In 1985, Paule Marshall gave a talk on “Gender, Race, Class – The limits of personhood” at The College of Wooster in Ohio. The text of this talk is not available (as far as I can tell) but the title is paradigmatic of Marshall’s writings across genre: How, when, and by whom, are women, black women, black immigrant women, considered human? The articles in this special issue of Anthurium explore these questions of personhood via the timelessness of Marshall’s work, questions that are, sadly, at least as urgent now as they were in 1985. In the United States today, in particular, intersectionality has been exhausted with a palimpsest of challenges: the Hillary Clinton campaign, the Donald Trump win, the myopia of resistance movements, more.
What Marshall’s prose gifts us is not just the language, but also the provocation, to think our multiple identities at once. To think ourselves beyond the given “limits of personhood” and into the possibilities of community. But this vision is not a smooth articulation of difference. Rather, it is the uneven, un- sutured spaces between that allow for growth together. If “all o’ we is [to be] one,” that one is jagged, crooked, ever working to maintain the difficult connections. Beginning with her first publication, the short story “The Valley Between,” Marshall attempts to forge these connections via fiction. In her introduction to the reprinting of the story (in Reena and Other Stories) she writes: “perhaps instinct told me that as a fiction writer I should try to transform the raw stuff of personal experience into art” (15). The “personal experience” that led to this early work was the combination of sympathy and empathy she felt regarding her white female protagonist, Cassie, who “couldn’t possibly be [Marshall] with her gray eyes and fair hair” but whose pain and unfulfillment mirrored Marshall’s experience in her first marriage (16).

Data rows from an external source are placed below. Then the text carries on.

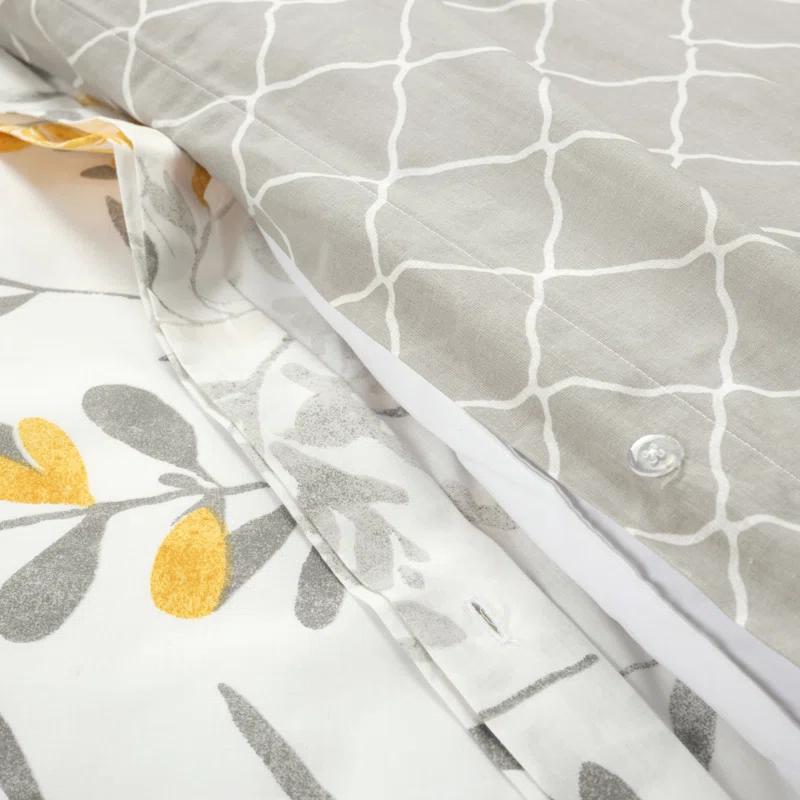 Lush Decor Yellow/Gray Cotton 3 Piece Duvet Cover Set
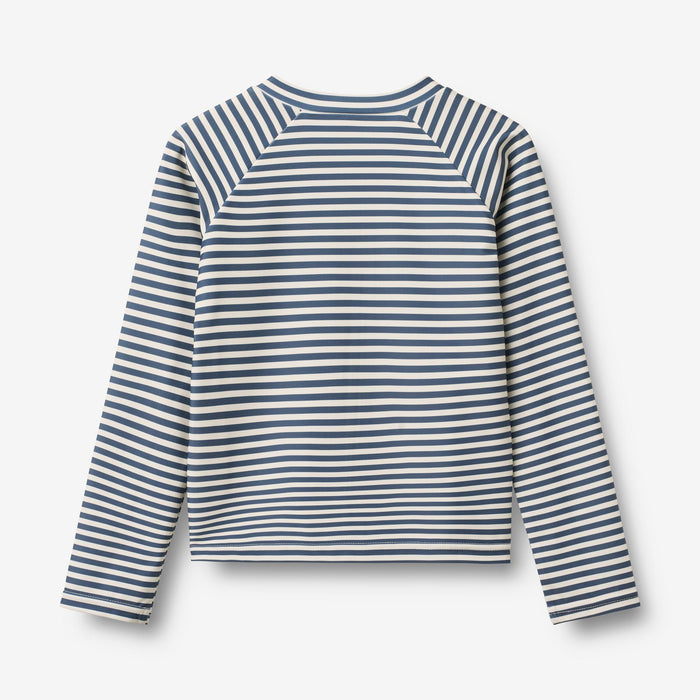Wheat Main Swim T-shirt L/S Zip Ada T-Shirt 1048 blue stripe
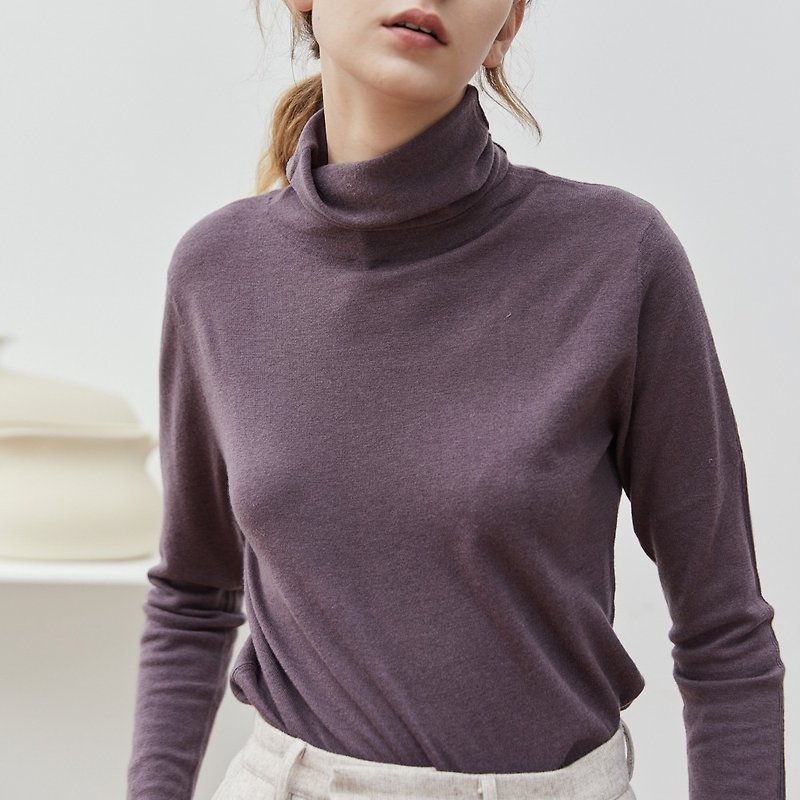 Purple-gray 7-color high-neck slim pile-up collar inner shirt Merino wool slimming sweater knitwear skin-friendly - สเวตเตอร์ผู้หญิง - ขนแกะ สีม่วง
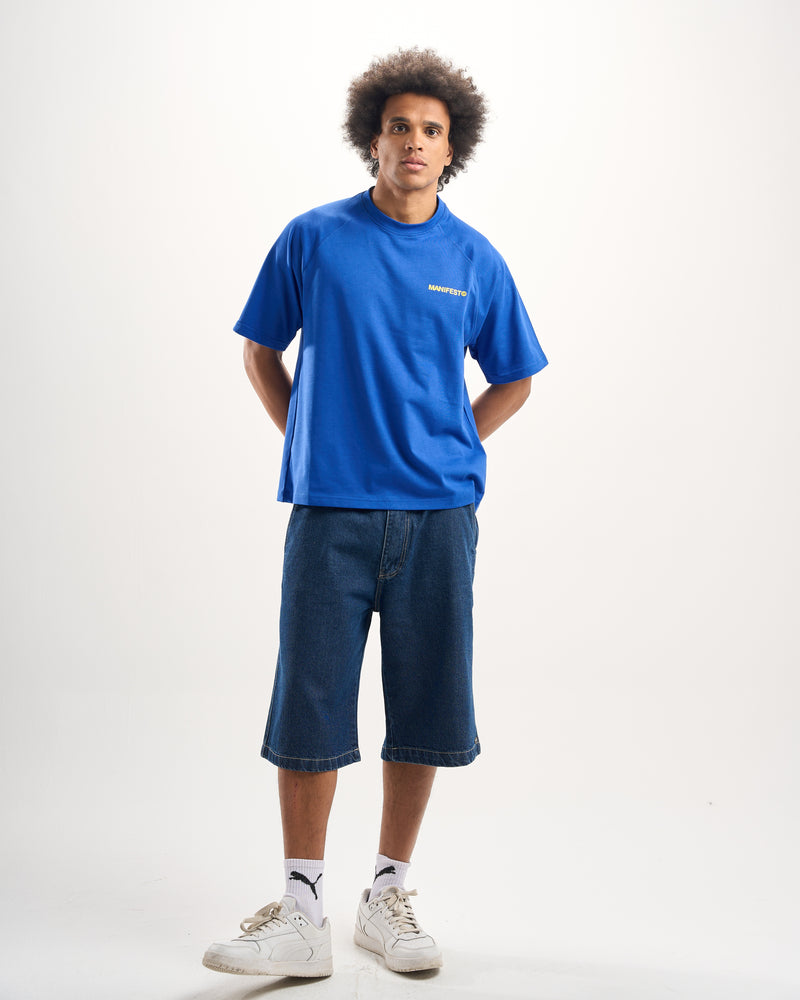 Blue Boxy Summer Tee
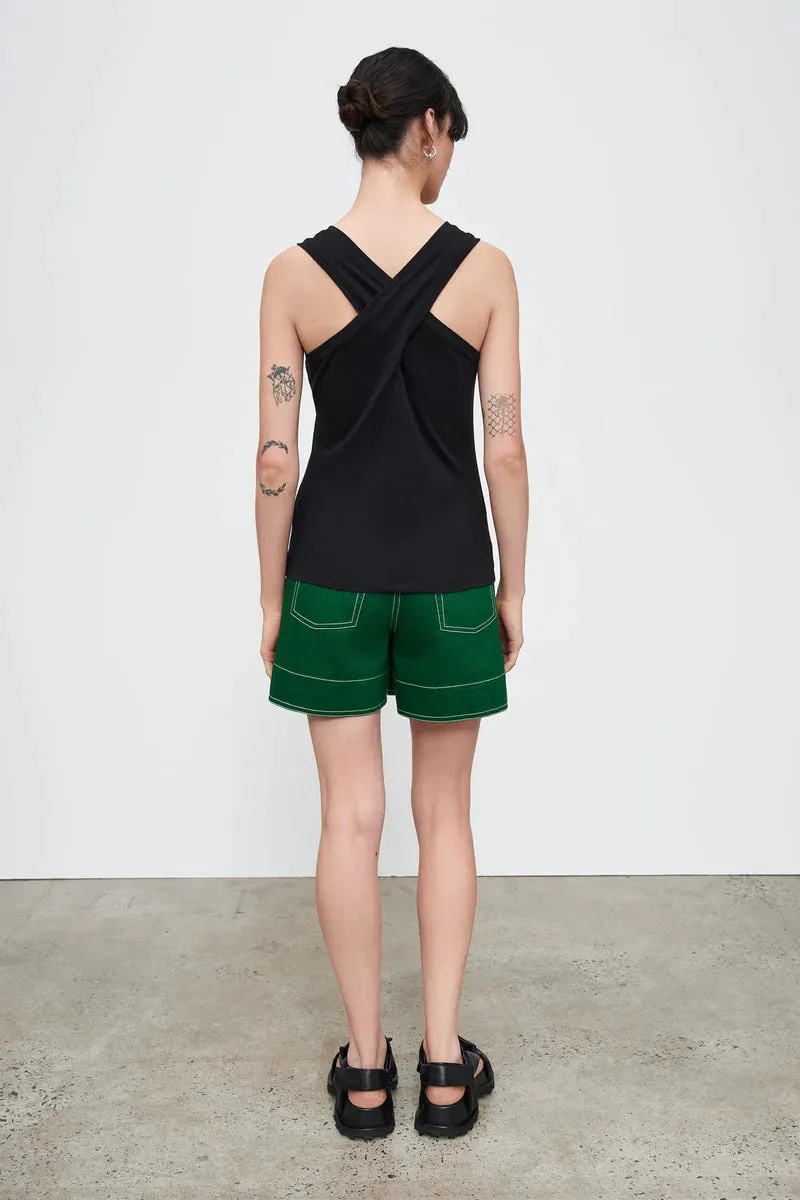 Kowtow Cross Back Singlet - Black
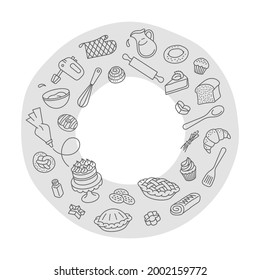 Bakery products and baking tools linear label. Round sticker. Thin line icons of baked goods and cooking utensils. Hand drawn doodle style. Package design element. Cafe or pastry shop logo element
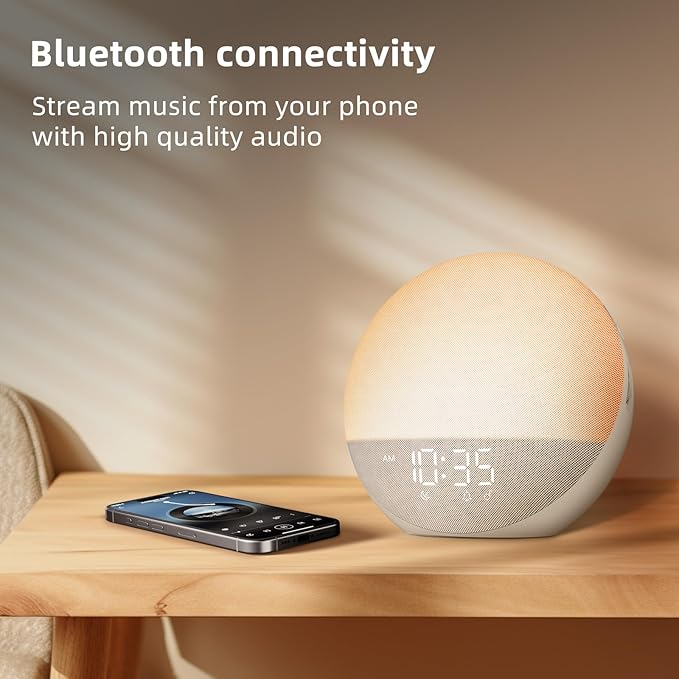Sunrise Alarm Clock with White Noise | Bluetooth Speaker & Night Light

Meticulous writer that she is, Marshall later considers the story a “flawed first effort” but decides to “let it stand” as testament to her struggles to represent the weight of gender roles, across race, religion, and generations.
In Brown Girl, Brownstones, Marshall would go on to refine this treacherously arduous negotiation of sympathy for and empathy with the other through her multi-dimensional portrayal of the Boyce family and the Bajan community in Brooklyn. Across gulfs of gender, race, age, and immigration status, the characters and communities in the novel have transformative, but rare, moments of connection. The novel closes with Selina choosing to “turn away” from “all the people she had ever known” in order to survive; but even as she does this, she must preserve her link to them by leaving a bit of herself behind, the arc of her silver bangle imaging the connection.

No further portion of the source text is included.